» **About this exercise**:
All of the data below should be printed again exactly, pictures excluded.

» **Given information**:
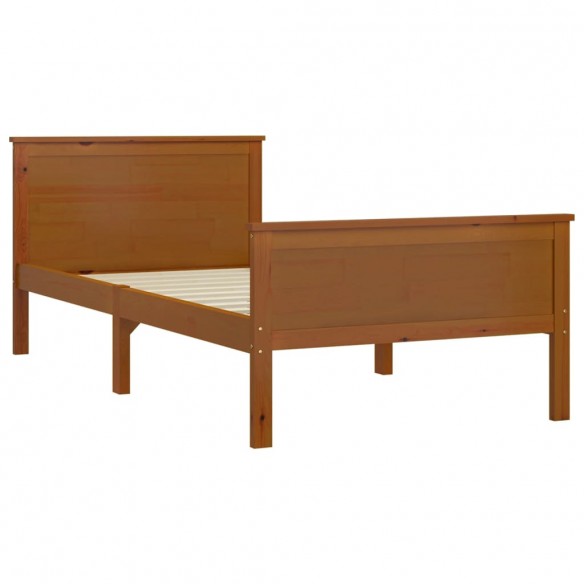 Cadre de lit Marron miel Bois de pin massif 100x200 cm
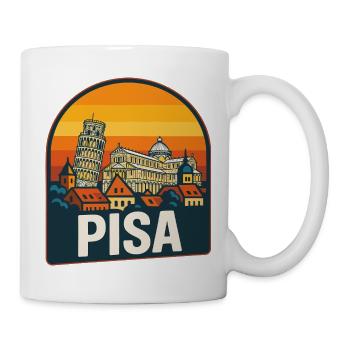 Pisa Italy Leaning Tower Retro Sunset Vintage - Mug - white - Right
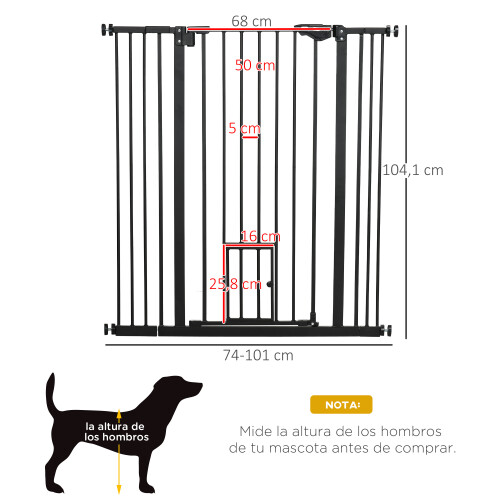 PawHut Barrera de Seguridad Negro 101 x 3.5 x 104.1 cm 1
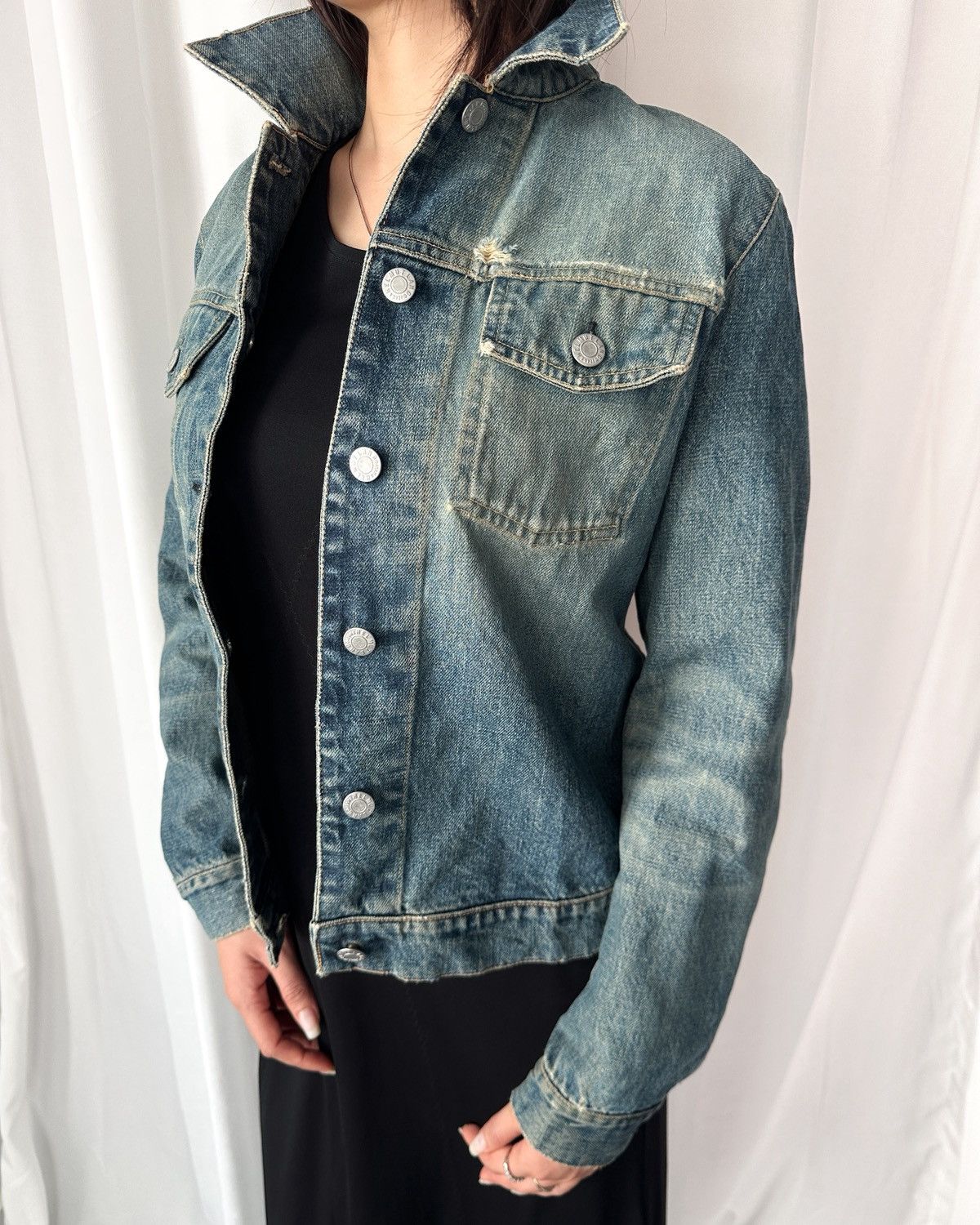 Helmut Lang 1999 Helmut Lang Faded Blue Denim Jacket Size XS / US 0-2 / IT 36-38 - 4 Thumbnail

» **Reply**:
 Cadre de lit Marron miel Bois de pin massif 100x200 cm
 Pisa Italy Leaning Tower Retro Sunset Vintage - Mug - white - Right
 PawHut Barrera de Seguridad Negro 101 x 3.5 x 104.1 cm 1
 Helmut Lang 1999 Helmut Lang Faded Blue Denim Jacket Size XS / US 0-2 / IT 36-38 - 4 Thumbnail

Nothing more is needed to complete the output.